§ Work order
In the entries below, the lines from the one with "Roségold über Silber" through the one with "MeMoreCool Kids Modular" are to be copied exactly; both ends count.

(Stored data entries)
:::::

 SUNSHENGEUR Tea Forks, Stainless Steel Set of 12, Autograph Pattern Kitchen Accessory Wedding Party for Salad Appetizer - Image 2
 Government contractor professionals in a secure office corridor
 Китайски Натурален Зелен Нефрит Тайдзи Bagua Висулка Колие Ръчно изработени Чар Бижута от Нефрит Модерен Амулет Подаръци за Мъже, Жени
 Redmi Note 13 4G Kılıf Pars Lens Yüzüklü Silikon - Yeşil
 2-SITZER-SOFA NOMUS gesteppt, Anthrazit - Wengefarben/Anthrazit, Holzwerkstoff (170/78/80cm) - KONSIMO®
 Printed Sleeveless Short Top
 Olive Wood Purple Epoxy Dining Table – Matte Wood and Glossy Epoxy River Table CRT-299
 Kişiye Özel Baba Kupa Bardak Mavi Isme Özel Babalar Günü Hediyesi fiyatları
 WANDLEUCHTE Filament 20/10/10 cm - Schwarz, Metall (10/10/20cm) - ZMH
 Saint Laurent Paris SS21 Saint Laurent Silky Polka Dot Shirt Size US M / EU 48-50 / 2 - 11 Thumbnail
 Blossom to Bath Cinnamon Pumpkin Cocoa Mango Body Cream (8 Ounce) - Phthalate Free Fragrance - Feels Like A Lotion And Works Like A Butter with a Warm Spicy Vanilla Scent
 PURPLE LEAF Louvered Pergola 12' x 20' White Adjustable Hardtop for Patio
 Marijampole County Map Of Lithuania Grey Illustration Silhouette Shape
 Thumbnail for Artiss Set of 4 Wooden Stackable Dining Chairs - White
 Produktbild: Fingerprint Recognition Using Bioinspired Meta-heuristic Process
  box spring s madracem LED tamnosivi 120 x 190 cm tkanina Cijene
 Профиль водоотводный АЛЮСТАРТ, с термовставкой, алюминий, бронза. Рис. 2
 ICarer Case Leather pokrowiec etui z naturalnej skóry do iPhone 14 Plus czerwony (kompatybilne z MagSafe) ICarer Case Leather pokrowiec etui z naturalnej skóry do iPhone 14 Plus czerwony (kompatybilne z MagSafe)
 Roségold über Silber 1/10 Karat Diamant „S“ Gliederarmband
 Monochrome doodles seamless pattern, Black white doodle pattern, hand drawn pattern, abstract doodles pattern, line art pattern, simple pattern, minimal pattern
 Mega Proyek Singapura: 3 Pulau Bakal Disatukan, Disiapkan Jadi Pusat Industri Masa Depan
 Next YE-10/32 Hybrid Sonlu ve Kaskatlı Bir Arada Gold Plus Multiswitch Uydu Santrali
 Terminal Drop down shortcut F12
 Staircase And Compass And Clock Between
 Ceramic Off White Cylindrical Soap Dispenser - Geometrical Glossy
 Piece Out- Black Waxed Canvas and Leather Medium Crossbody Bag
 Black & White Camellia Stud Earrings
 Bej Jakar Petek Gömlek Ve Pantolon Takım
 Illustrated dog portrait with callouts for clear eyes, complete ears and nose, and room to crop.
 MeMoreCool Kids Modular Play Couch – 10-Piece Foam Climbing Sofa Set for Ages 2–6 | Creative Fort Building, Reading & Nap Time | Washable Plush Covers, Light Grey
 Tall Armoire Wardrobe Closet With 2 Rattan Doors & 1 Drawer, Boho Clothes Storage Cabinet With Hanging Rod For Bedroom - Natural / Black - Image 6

:::::

§ Expected answer
 Roségold über Silber 1/10 Karat Diamant „S“ Gliederarmband
 Monochrome doodles seamless pattern, Black white doodle pattern, hand drawn pattern, abstract doodles pattern, line art pattern, simple pattern, minimal pattern
 Mega Proyek Singapura: 3 Pulau Bakal Disatukan, Disiapkan Jadi Pusat Industri Masa Depan
 Next YE-10/32 Hybrid Sonlu ve Kaskatlı Bir Arada Gold Plus Multiswitch Uydu Santrali
 Terminal Drop down shortcut F12
 Staircase And Compass And Clock Between
 Ceramic Off White Cylindrical Soap Dispenser - Geometrical Glossy
 Piece Out- Black Waxed Canvas and Leather Medium Crossbody Bag
 Black & White Camellia Stud Earrings
 Bej Jakar Petek Gömlek Ve Pantolon Takım
 Illustrated dog portrait with callouts for clear eyes, complete ears and nose, and room to crop.
 MeMoreCool Kids Modular Play Couch – 10-Piece Foam Climbing Sofa Set for Ages 2–6 | Creative Fort Building, Reading & Nap Time | Washable Plush Covers, Light Grey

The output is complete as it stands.